● **WORK TO COMPLETE**: Reproduce the section of the listing that begins at the line containing "Portugal forwards Cristiano" and finishes at the line containing "DAVID KOMA BLACK LEATHER SHOULDER BAG". Include both end lines and nothing beyond them.

● **RECORDS PROVIDED**:
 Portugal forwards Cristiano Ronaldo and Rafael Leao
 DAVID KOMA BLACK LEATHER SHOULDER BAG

* * *

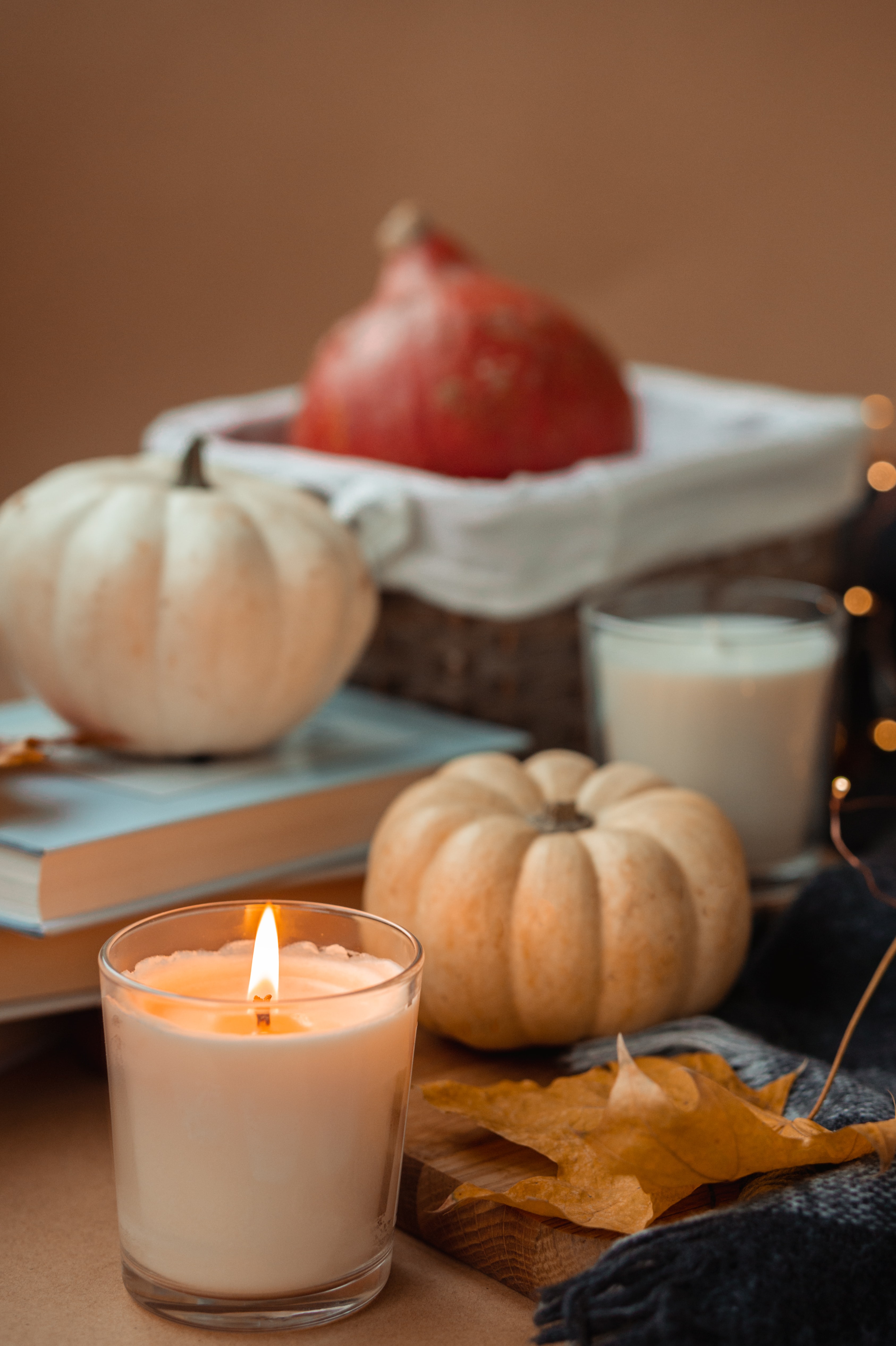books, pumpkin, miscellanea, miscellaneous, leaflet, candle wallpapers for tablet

---

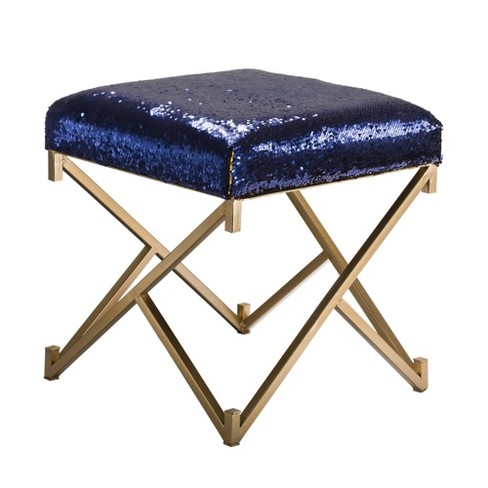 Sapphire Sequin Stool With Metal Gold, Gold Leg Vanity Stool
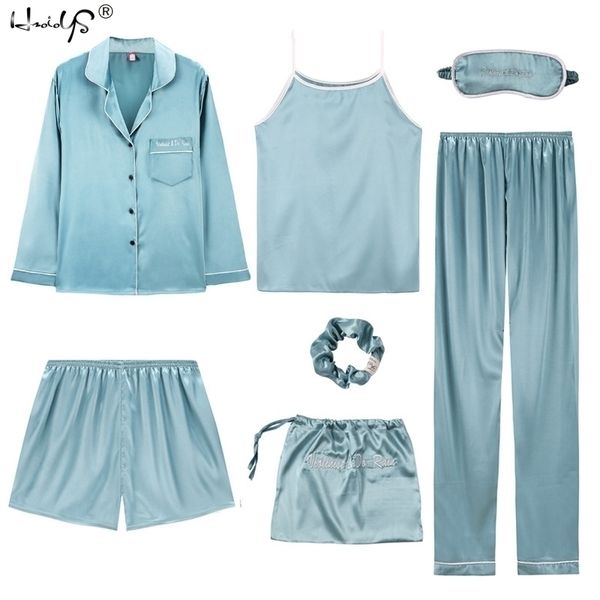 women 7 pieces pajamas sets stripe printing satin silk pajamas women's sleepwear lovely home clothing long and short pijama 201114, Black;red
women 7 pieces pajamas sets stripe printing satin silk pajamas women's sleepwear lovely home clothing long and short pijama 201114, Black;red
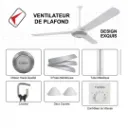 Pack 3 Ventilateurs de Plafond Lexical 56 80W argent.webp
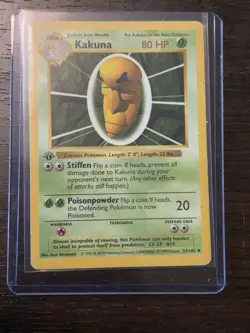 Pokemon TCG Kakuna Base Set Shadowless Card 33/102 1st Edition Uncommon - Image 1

● **TASK RESULT**:
 Portugal forwards Cristiano Ronaldo and Rafael Leao
 DAVID KOMA BLACK LEATHER SHOULDER BAG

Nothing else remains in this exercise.